While “The Snake Pit” was at times disturbing, you left the movie feeling uplifted. Olivia de Haviland is one of my favorite actresses and she plays the part of Virginia flawlessly. You really engage with her and want to see her recover and do well and rejoice with her and Robert when she does. Leo Genn as Dr. Kik was equally fantastic. He made his character one that you would want caring for you or a loved one if ever in such a hospital. I don’t know if he was modeled from a real caregiver that Mary Jane Ward (the book’s author) had in real life, but he certainly makes for a great model now. Doctors, psychiatrists, and pastors alike would do well to learn from his example.
Helen Craig as Nurse Davis did a great job of making her character cold and impersonal, but never two dimensional. You could always tell that things were in turmoil beneath the surface for her and that she was expressing herself the only way she knew how; by trying to maintain control.
Betsy Blair as Hester was also wonderful. She had very few lines, so her character had to be portrayed almost entirely through her eyes and body control. That’s no small feat and she executed it splendidly.
Mark Stevens as Virginia’s husband, Robert, was also very good. However, we unfortunately don’t get to see as much of him and his struggle with the whole situation as I would have liked. If I could change one thing about the film, I would have liked to have seen some more of Robert’s coping with Virginia’s being institutionalized when he is alone at home or talking with friends, etc. This would have given his character more depth and I think would have been helpful to audience members who were in his situation. It would also have been nice to see some of the personal life of Nurse Davis outside of the hospital to see what all was informing such a cold, detached personality. But screen time is precious and the movie is really about Virginia, after all, and there are many other characters in the film that could have been fleshed out. Everyone has a story.
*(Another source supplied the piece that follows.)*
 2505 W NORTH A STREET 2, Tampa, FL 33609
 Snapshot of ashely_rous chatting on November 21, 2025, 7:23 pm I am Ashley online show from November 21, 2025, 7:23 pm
And our stories are what good art captures for us. Especially our broken stories. Our stories are what fuel film’s “presentation of thought, emotion, and experience in terms of an appeal to the soul through the senses.” The PCA knew this. They knew that nobody brings anything small into the theatre, too. Many challenges were presented to them just after World War II when Hollywood started tackling sensitive subjects like mental health in “The Snake Pit,” alcoholism in “The Lost Weekend” (1945), drug addiction in “The Man With the Golden Arm” (1955) and many others. The Code showed us that it is possible to create films that resonate with people and are honest in their portrayal of life, while at the same time uphold standards of decency and morality while “rebuilding the bodies and souls of human beings”, as one of its core principles. And “The Snake Pit” does this magnificently.